前半のコラムでは、採用面接の準備とその重要性についてお伝えしました。後半のコラムでは、面接とその後について、ポイントをお伝えします。採用面接は準備がすべて、と言っても過言ではありません。そのため、準備がしっかりとできていれば、採用面接以降はスムーズに進むかと思います。
採用面接の進め方
さて、基本的な採用面接の流れですが、以下のようになります。
・応募者お出迎え
↓
・面接場所ご案内、履歴書預かり、アンケート渡し
↓
・アンケート記入(15分程度)
↓
・面接開始
↓
・面接終了
↓
・応募者お見送り
ここでの最大のポイントは「アンケート」です。採用後のミスマッチをなくすために、条件の確認はもちろん、応募者の希望や考えなどを書いてもらうものです。だいたい15分くらいのアンケートを用意することで、その時間に履歴書のチェックができます。職歴の年数、学歴と職歴のつながり、履歴のストーリー性がありそうかどうか、気になることを探して質問の準備をするなど、アンケート記入の時間を使って、採用面接の最終準備ができます。ぜひ貴院独自のアンケートを作成して、面接時に使用してみてください。

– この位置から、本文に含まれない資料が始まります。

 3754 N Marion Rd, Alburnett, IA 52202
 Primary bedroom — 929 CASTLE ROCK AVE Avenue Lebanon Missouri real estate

職種ごと、雇用形態ごと、それぞれに作成するのが基本ですが、常勤とパート同時募集している際は、どちらも入れて作成して、常勤で不採用でも、パートで採用となったときに、入職されるかどうか、という話もしやすくなります。
採用面接の5つのポイント
ここで、採用面接の5つのポイントをお伝えします。
- アンケートを用意して、記入してもらう(その間に履歴書のチェックができます)
- 現状→未来→過去→志望動機の順に質問する
ストーリーに無理がないか確認するには、この順番で質問していきましょう(いきなり志望動機を聞くと「暗記してきた答え」になることが多いからです) - できるだけ早く名前を入れて呼ぶ(「●●さんは、・・・なんですね」などを早く入れて呼ぶと、応募者との関係性づくりができ、場が温まります)
- 可能であれば複数で(男女で行うのが望ましいです)
- 最初と最後は答えやすい質問、穏やかな質問で
(突っ込んだ質問は、途中で。終わり良ければ総て良しです)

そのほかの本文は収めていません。